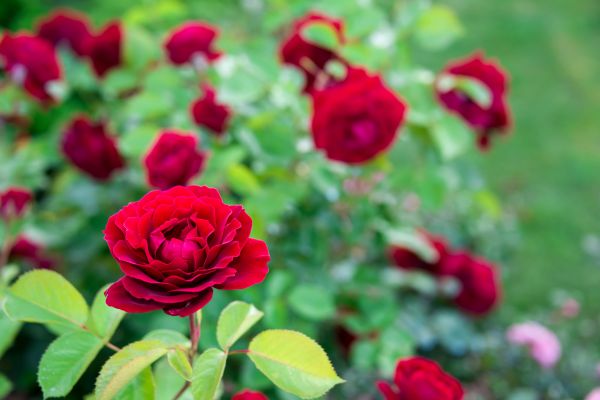 Rose Planting in Broomfield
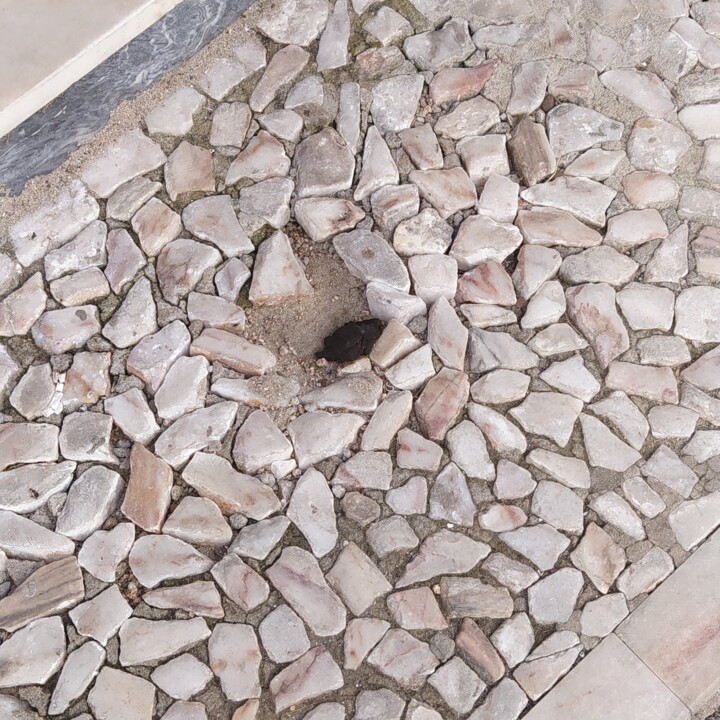 IMG_20220510_174301 (1) (cópia).jpg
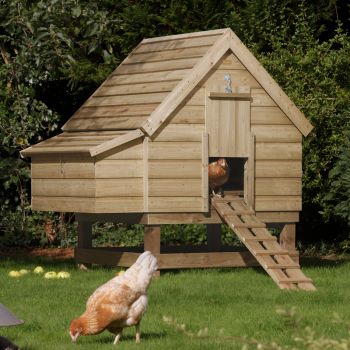 Large Chicken Coop - Timber -  L119.5 x W158 x H160 cm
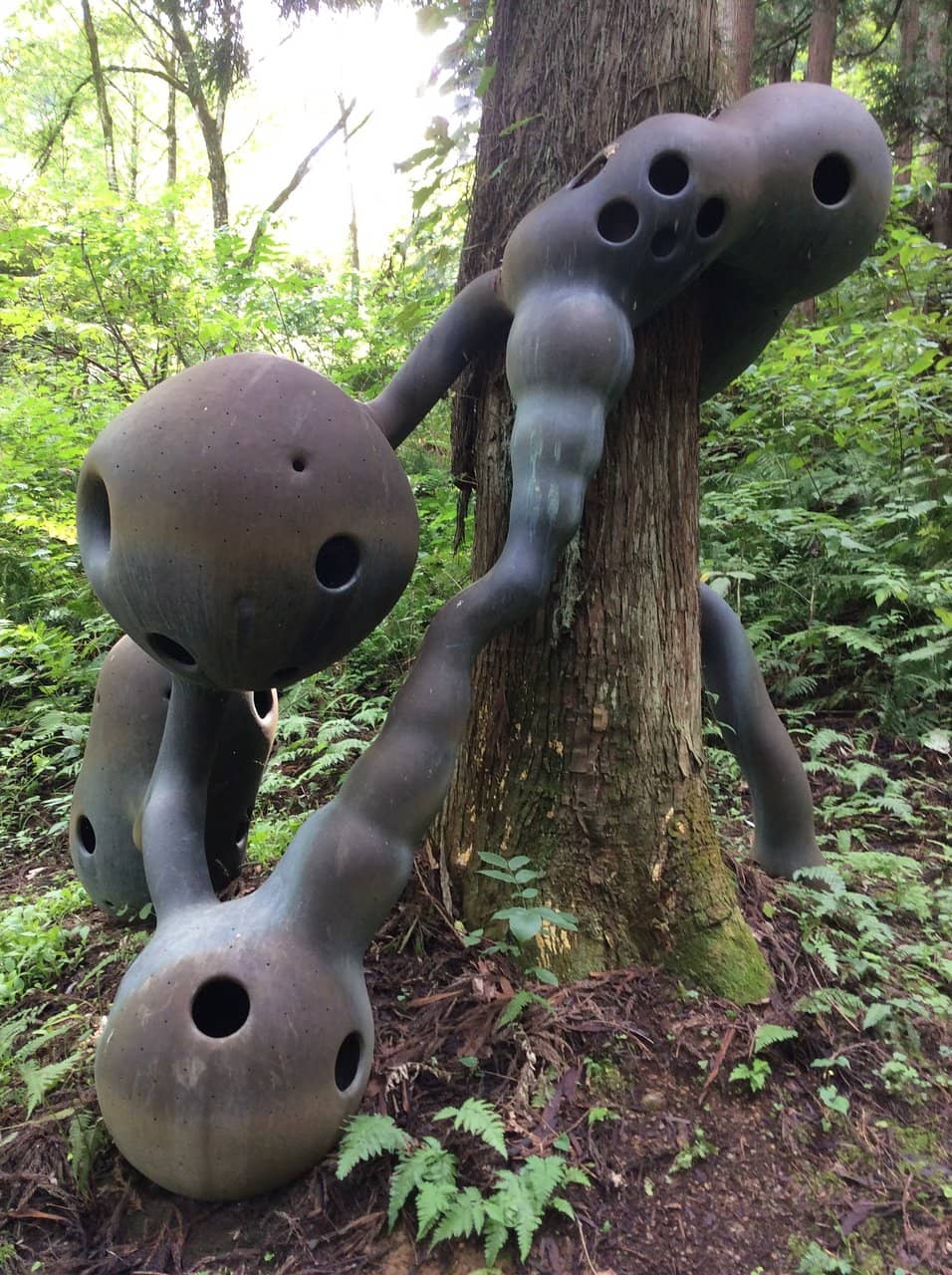 Kominato Railway Ride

• • •

**What the exercise asks**: All of the material must be repeated exactly in the answer, apart from the pictures.

**Response for this exercise**:
 Rose Planting in Broomfield
 IMG_20220510_174301 (1) (cópia).jpg
 Large Chicken Coop - Timber -  L119.5 x W158 x H160 cm
 Kominato Railway Ride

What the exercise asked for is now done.